Raw data:
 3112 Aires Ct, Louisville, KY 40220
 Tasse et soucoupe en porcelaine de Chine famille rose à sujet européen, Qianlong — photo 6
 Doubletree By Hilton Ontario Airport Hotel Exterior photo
...
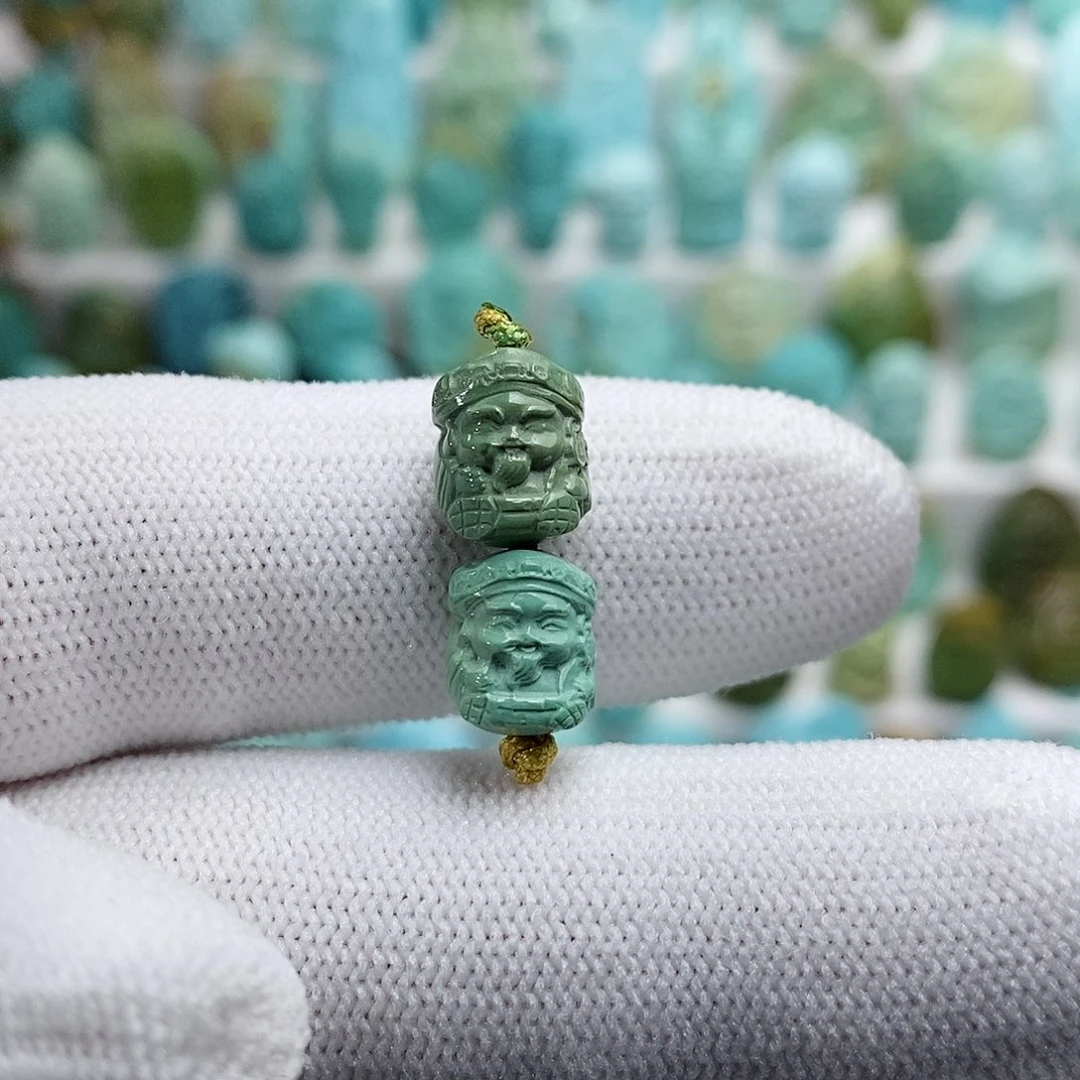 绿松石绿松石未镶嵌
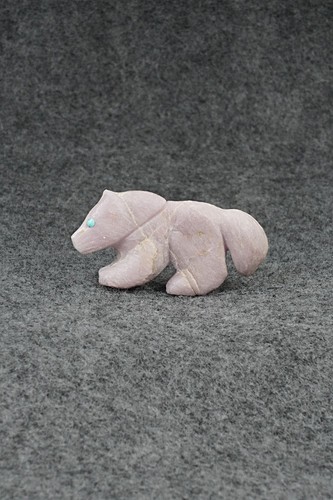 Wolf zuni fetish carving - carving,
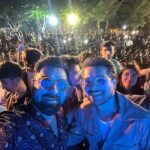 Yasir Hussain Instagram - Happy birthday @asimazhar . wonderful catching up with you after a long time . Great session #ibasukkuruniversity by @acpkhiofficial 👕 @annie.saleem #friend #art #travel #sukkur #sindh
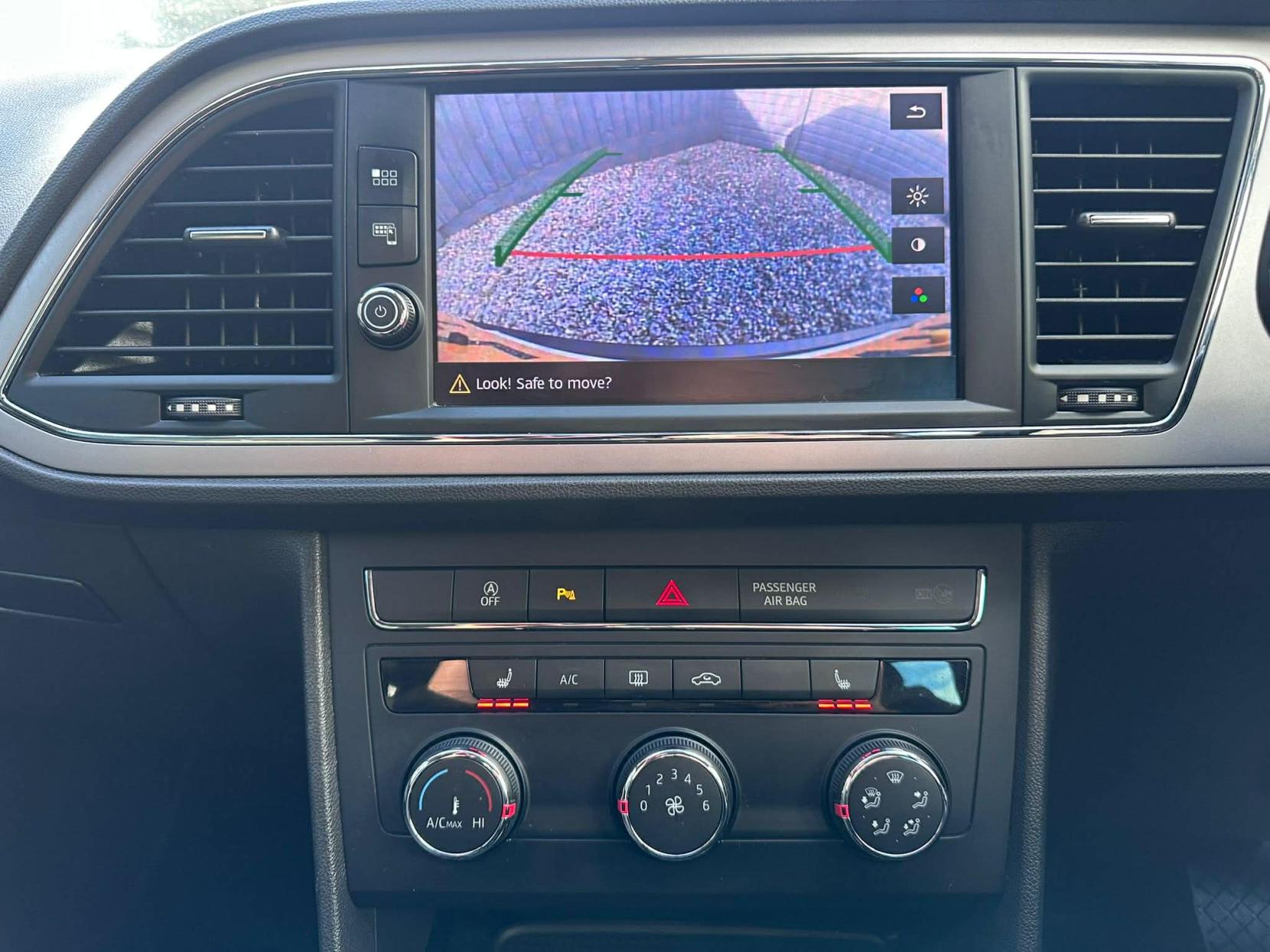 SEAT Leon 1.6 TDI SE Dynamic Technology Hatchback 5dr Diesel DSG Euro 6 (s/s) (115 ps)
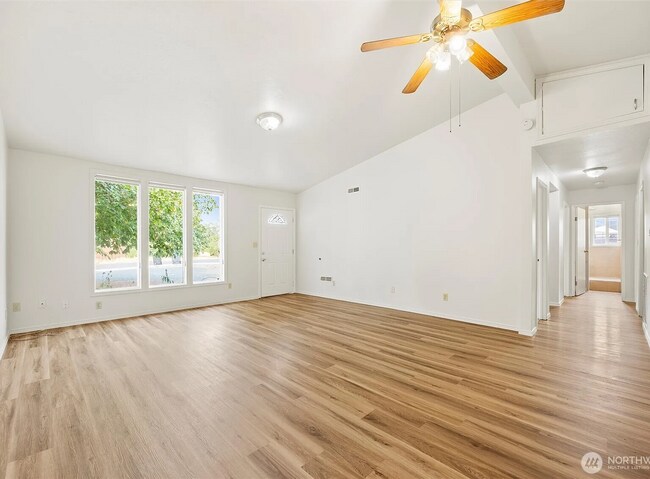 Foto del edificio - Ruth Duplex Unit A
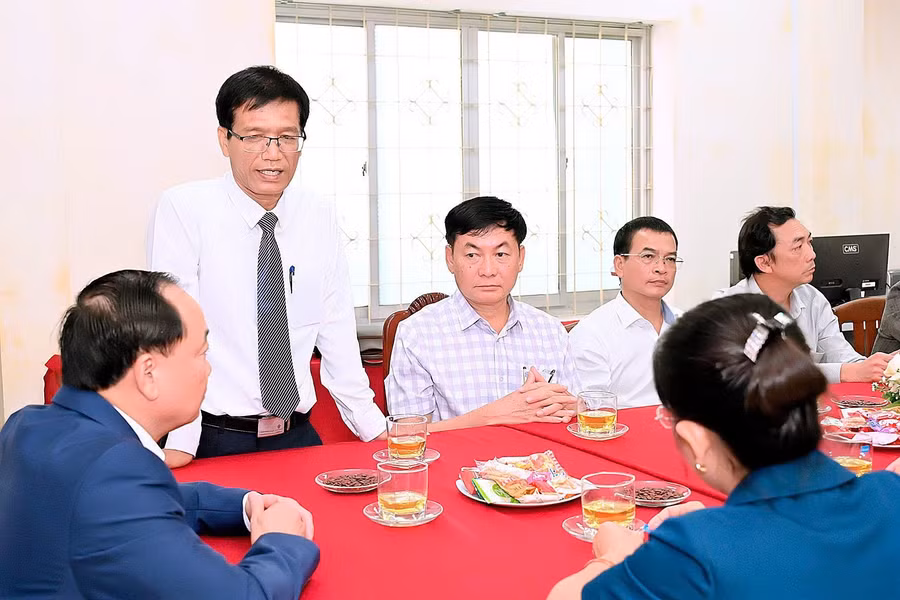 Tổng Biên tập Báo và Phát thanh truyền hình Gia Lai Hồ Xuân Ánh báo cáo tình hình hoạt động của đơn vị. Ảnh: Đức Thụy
...
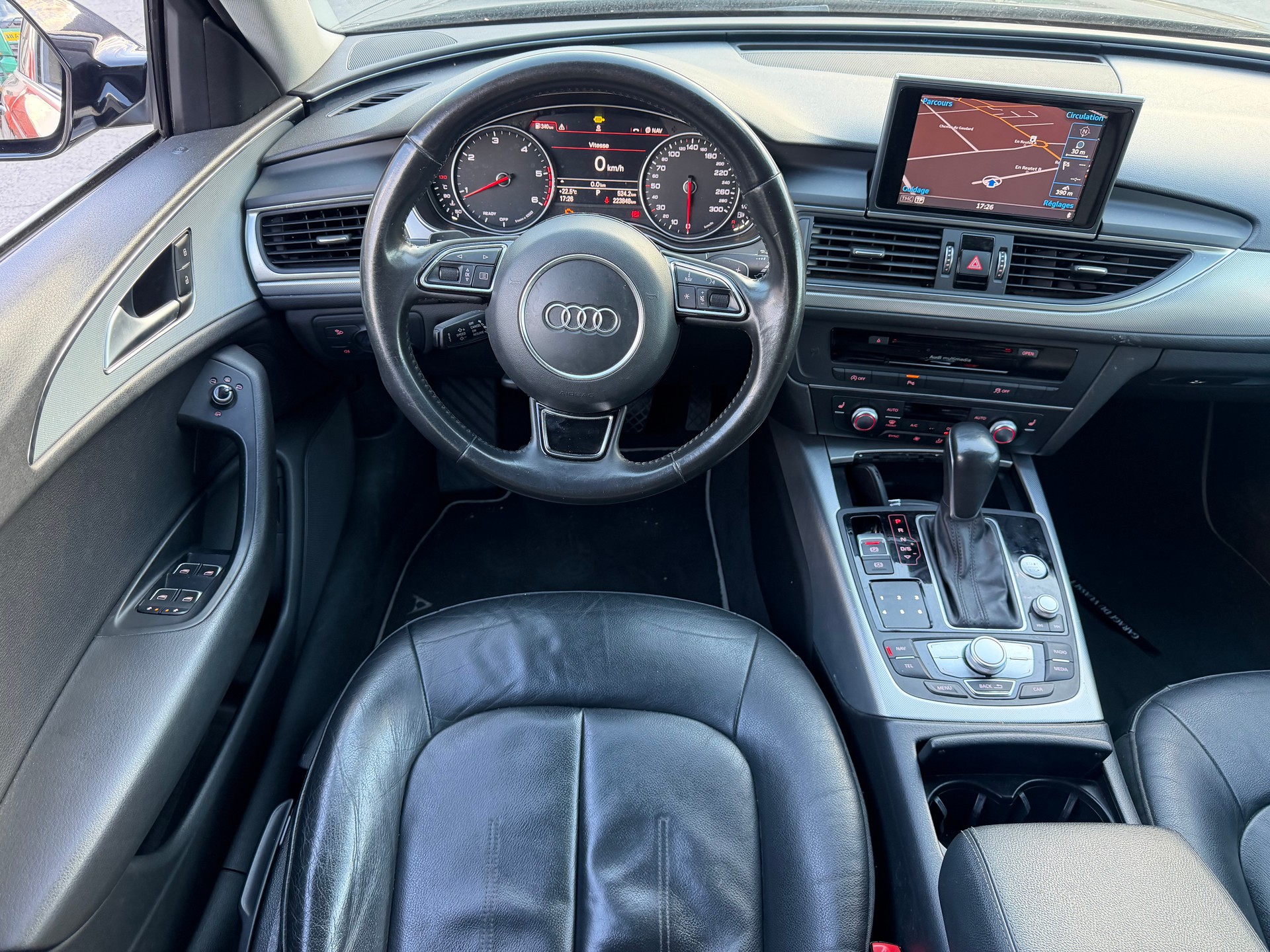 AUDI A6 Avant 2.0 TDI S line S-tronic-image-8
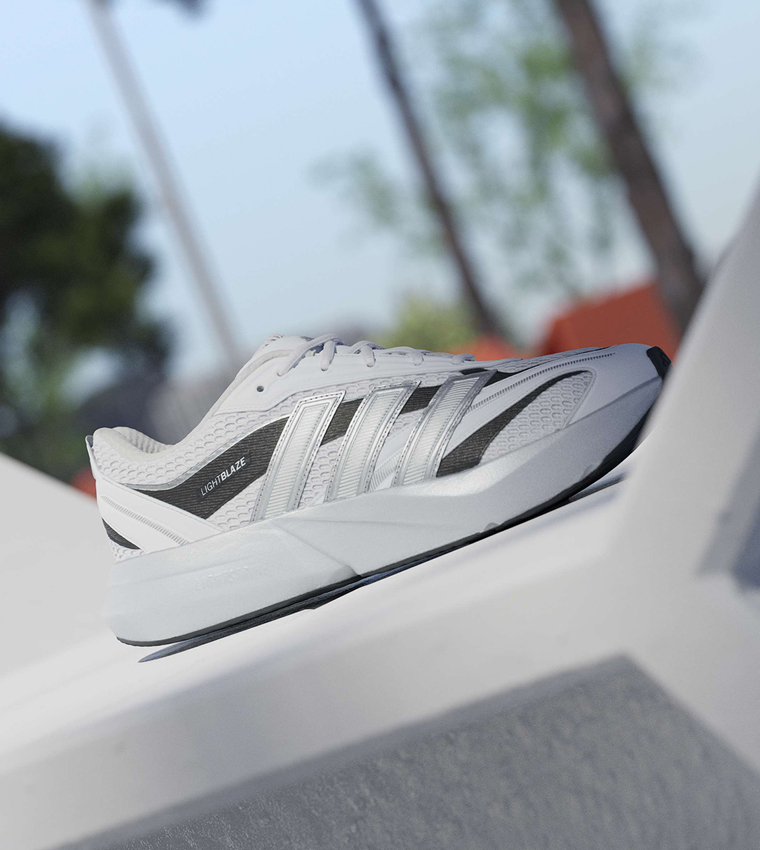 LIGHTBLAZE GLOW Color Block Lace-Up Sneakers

What to produce:
Leave out the images and write out the lines above exactly, from the one with "SEAT Leon 1.6" up to and including the one with "Tổng Biên tập".

Task response:
 SEAT Leon 1.6 TDI SE Dynamic Technology Hatchback 5dr Diesel DSG Euro 6 (s/s) (115 ps)
 Foto del edificio - Ruth Duplex Unit A
 Tổng Biên tập Báo và Phát thanh truyền hình Gia Lai Hồ Xuân Ánh báo cáo tình hình hoạt động của đơn vị. Ảnh: Đức Thụy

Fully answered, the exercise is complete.